City Controller Alan Butkovitz is joining the fracas over the city’s Election Day problems, announcing Tuesday he will audit the city’s election process, dealing in part with the thousands of people forced to use provisional paper ballots when their names did not appear in pollbooks.
The three city commissioners, in charge of running Philadelphia’s elections, have already announced their own plans to figure out what went wrong with the pollbooks, as part of a full-scale review of the general election. And Mayor Nutter told reporters just after the election that he intended to have his staff review the commissioners’ operations as well.
Republican commissioner Al Schmidt, who initiated a post-election coup that toppled commissioners’ chair Stephanie Singer, replacing her with himself and Democratic commissioner Anthony Clark as co-chairmen, said he welcomed Butkovitz’s audit.
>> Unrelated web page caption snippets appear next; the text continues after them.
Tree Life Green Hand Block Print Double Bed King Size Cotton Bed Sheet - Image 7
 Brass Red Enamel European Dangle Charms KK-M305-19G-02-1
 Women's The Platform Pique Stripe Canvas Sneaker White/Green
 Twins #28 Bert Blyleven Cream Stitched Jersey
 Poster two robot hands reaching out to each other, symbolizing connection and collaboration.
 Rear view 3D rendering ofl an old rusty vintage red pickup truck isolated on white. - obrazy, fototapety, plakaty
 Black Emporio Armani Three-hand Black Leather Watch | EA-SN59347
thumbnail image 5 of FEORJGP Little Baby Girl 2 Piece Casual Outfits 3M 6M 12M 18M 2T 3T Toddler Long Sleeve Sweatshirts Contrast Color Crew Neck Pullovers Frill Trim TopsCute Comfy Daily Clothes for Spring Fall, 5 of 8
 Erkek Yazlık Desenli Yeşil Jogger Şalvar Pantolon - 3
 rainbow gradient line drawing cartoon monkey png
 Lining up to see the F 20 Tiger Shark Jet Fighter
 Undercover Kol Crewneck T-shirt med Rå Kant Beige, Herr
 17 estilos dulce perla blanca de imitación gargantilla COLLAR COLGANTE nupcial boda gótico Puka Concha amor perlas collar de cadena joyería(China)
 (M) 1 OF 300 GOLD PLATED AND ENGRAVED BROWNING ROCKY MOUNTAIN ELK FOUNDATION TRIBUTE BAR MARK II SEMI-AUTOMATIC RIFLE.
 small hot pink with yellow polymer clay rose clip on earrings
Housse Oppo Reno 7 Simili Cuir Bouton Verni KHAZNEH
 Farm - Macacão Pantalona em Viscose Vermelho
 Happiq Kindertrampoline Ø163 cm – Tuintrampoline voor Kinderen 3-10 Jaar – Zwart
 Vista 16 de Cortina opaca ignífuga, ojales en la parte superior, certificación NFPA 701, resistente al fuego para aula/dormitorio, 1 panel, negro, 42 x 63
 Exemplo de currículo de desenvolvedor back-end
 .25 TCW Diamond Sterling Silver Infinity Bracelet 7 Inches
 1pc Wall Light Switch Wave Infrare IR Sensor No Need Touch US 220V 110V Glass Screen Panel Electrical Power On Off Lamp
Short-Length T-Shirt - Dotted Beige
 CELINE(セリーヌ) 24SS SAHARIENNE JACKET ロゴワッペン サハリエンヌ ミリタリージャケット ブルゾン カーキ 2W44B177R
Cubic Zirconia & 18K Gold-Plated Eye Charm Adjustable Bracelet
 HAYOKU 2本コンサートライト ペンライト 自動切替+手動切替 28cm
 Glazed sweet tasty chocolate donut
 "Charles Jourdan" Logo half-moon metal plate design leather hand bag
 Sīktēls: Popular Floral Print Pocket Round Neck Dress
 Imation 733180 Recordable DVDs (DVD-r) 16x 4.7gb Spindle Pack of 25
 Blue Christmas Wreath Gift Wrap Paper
The initial pre-audit conference will be held next week.
“We welcome and share his interest in this matter,” Schmidt said. “We look forward to working with him.”
Schmidt reported last week that some 27,100 people had voted by provisional ballot on Nov. 6, more than double the number required to use paper ballots in the 2008 general election.
The ballots are typically used when people who say they are registered voters are not included in pollbooks or supplemental lists sent to polling places in advance of the election. They are put aside and counted later if the individual’s registration is verified in the state’s official registration system.
So far, there’s been no explanation for the pollbook problems. They are printed by a Burlington, N. J. firm, based on a computer extract provided by the Pennsylvania Department of State.